Lizzie jumped from her seat and rushed around the table like a madwoman. ‘He’s only fifteen! That country’s full of bandits and Red Indians. He’ll be killed and it’s all your fault. You should have made him come home. You should have got the police to arrest him if you couldn’t cope.’

George looked at Lexie for support but her face showed absolute astonishment.

‘The police have enough to do without trying to talk to Charlie. Have you ever tried making him do something he doesn’t want to do?’ George asked the room at large. ‘I tried to make him come home but he ran away. He just about killed me, Lizzie.’

Charlie’s mother was impervious to excuses. All she could think of was her beloved son – to her mind he was still a little boy – at loose, alone in the wastes of Canada.

‘I’ll never see him again. He’ll be killed and we’ll never even be told,’ she wailed, covering her face with her ringed hands.

Then she drew herself up and walked over to her brother who was still attempting to justify his abandonment of Charlie.

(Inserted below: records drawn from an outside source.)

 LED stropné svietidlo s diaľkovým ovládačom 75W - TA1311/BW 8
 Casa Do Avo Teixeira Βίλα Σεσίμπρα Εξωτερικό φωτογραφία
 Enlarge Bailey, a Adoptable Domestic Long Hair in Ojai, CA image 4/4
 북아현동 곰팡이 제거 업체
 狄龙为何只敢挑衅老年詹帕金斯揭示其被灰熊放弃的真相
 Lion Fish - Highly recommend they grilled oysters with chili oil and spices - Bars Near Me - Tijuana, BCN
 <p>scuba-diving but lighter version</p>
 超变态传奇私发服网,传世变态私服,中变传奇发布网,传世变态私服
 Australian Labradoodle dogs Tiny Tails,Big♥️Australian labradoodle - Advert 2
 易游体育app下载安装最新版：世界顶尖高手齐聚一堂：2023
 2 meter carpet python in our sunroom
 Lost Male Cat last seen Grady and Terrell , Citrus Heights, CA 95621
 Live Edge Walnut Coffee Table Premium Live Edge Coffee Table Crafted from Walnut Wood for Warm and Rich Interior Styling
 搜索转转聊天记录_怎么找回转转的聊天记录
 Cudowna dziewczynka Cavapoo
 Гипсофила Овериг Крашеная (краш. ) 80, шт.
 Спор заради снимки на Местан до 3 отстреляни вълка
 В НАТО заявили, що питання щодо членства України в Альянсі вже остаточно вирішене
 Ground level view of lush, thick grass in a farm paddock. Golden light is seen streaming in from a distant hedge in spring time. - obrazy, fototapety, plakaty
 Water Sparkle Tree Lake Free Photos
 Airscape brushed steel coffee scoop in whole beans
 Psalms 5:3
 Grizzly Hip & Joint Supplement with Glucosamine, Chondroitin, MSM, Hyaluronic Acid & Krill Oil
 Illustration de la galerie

‘I never want to see you again, George Mudie,’ she said in a menacing voice. ‘I don’t care what happens to you or your slum family. Get out of my house and never come back.’

Without another word George turned on his heel and left the room.

Lexie ran and stopped him at the front door where she threw her arms around his neck. As she kissed him, she saw that he was crying.

‘Don’t worry, George. It’ll blow over. You know what she’s like. It must have been awful for you,’ said the girl.